The international alternatives to a no-release strategy suffer from three faults. They contemplate regional rather than uniform standards; they require agreement on what is an acceptable level of pollution; and they contemplate repeatedly changing regulations.
Consider the first of these faults: imposing standards by region rather than worldwide by activity. If a regional agreement imposes a requirement that the release of more than a certain concentration of material into the air is prohibited, one of several results must follow: the plant that would otherwise release a greater amount must close down, move away or raise its capital and operating costs to meet the standard. A competitor in a less scrupulous region may, thereafter, charge a lower price and make a greater profit. The resulting effects on costs and prices will encourage plant construction in many unregulated portions of the world and an operation without proper emission controls, increasing, rather than reducing, the global effluent release.
With respect to the second fault, adoption of a partial release strategy would require negotiation on issues upon which no political representatives could agree. To begin with, it would require multinational agreement on the concentration of a pollutant in a regional air or watershed that would be acceptable for a given multinational region. Once the concentration had been determined, the total amount of effluent that could be released per day per source without exceeding the concentration could be calculated, but participants would then have to negotiate an agreement upon what portion of a given amount of effluent each nation should be allowed to contribute to its region. Such agreements are implausible because to fix the emission quota of each of a group of countries, at any given state of control technology, would be to fix their productive output relative to one another.
If national quotas are not assigned, and instead a regionwide inventory is agreed upon, the regulatory effort that must follow would impose an even more cumbersome diplomatic task, negotiating plant-by-plant emission quotas in an international forum.
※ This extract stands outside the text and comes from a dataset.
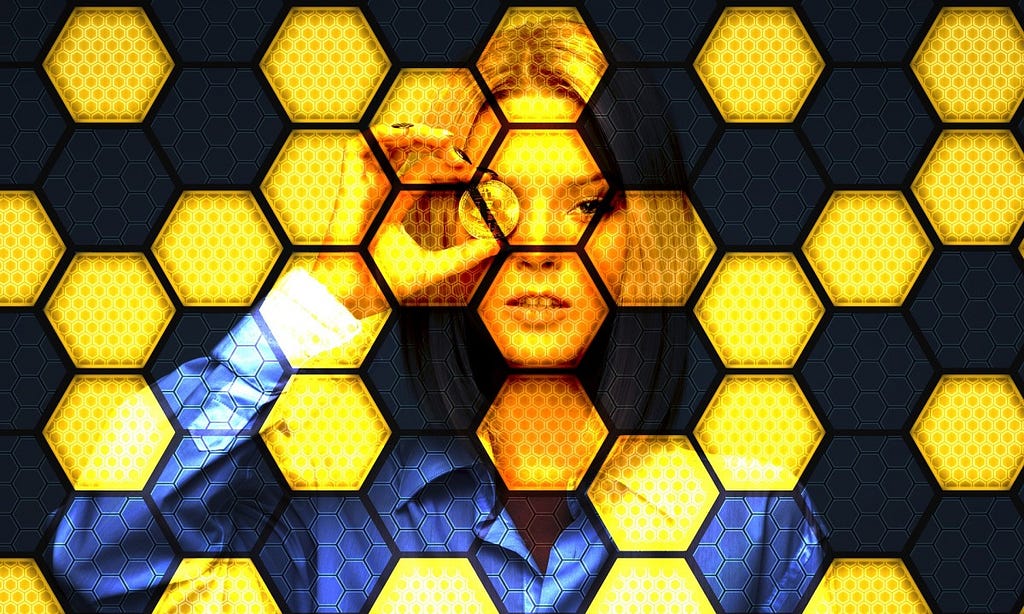 Woman holding a Gold coin on her eye. Honeycomb background picture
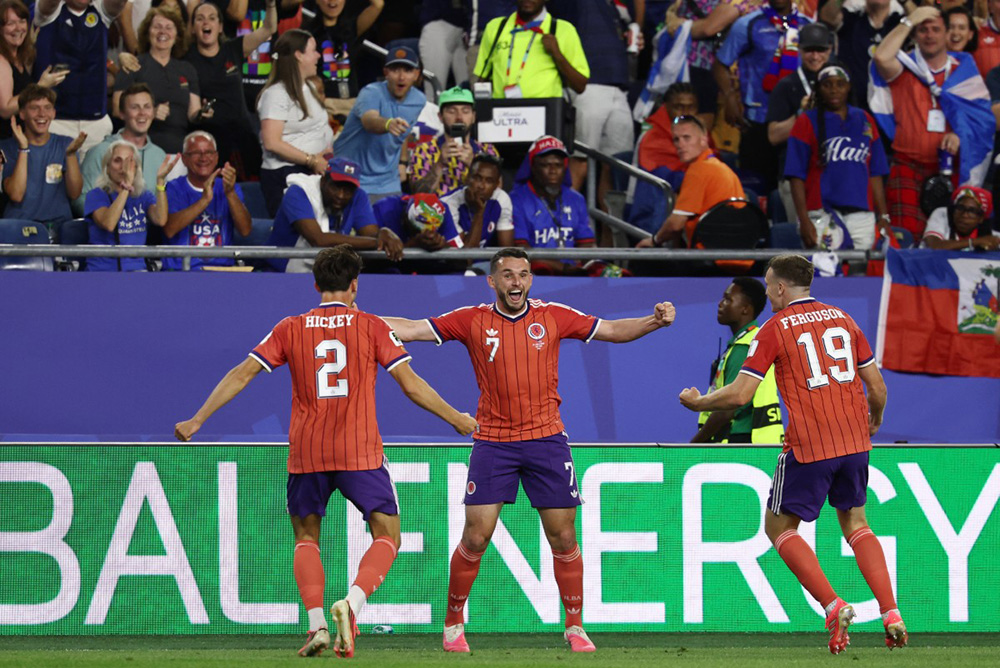 WScotland's midfielder #07 John McGinn celebrates with teammates defender #02 Aaron Hickey and midfielder #19 Lewis Ferguson after scoring his team's first goal during the 2026 World Cup Group C football match between Haiti and Scotland at the Boston Stadium in Foxborough on June 13, 2026. (Photo by FRANCK FIFE / AFP)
In either case the contemplated quotas would be subject to the third fault: repeated changes in standards. As pressure mounts for additional productivity in a region, the emission controls on existing plants must be made increasingly effective to permit construction of more plants if an agreed-upon total emission inventory is not to be exceeded. Of all the circumstances attending anti-pollution regulation, the most offensive to regulated industries has been imposition of partial control standards at a time when the industries know that future standards will be of a greater but indeterminate severity.
A manufacturer is told that the smoke from his chimney must consist of no more than one percent sulphur dioxide two years hence, but he is also made aware that after he has learned how to achieve that standard, the regulatory authority will consider what further reductions may be desirable. That approach can be applied easily to successive models of automobiles, but as applied to permanent industrial installations, it is like amputating a little at a time.
A control device available this year that will reduce sulphur dioxide emissions to one percent of a plant's stack gases will add roughly one- fifth to the cost of a new plant. A manager installs one at his peril. If the sulphur dioxide emission standard becomes more stringent at the end of two years, because a more effective control device has become available, he must junk his first device and buy the new one. The competitor who evades the requirement until the new standard becomes applicable pays a lower total cost.
A non-release goal, on the other hand (even if it is approached gradually), is internationally uniform and does not require knowledge of, or international agreement on, the maximum permissible amounts of effluents. The long-range goal is known from the start. Interim standards for successive reductions in future emission rates may be fixed prospectively, on the basis of current forecasts.
For individually recoverable, dangerous substances like mercury, interim standards may be direct regulations, making scheduled but increasingly rigorous demands on the industry. With respect to most substances, however, the purpose of regulatory standards might better be served by a schedule of effluent taxes imposing progressively higher annual levies on the release of specified quantities of waste material into air or water. In some industries a combination of regulation and tax may be desirable. What must be present in all cases, however, are an international industry-wide standard, a fixed period for complete termination of waste release, and a schedule of graduated, progressively more demanding standards settled in advance to cover the period until the no-release goal is achieved.
Progressive interim requirements enforced through taxation lose the quality of amputation by degrees. In an industry in which the existing state of control technology is sufficiently advanced to allow immediate construction of complete controls, the sooner they are constructed the lower the total of the effluent taxes the operator will have to pay. If the operator chooses to install controls that are less than complete, but that remove more pollutant than current standards demand, he can foresee what duration of tax-free operation the investment will permit.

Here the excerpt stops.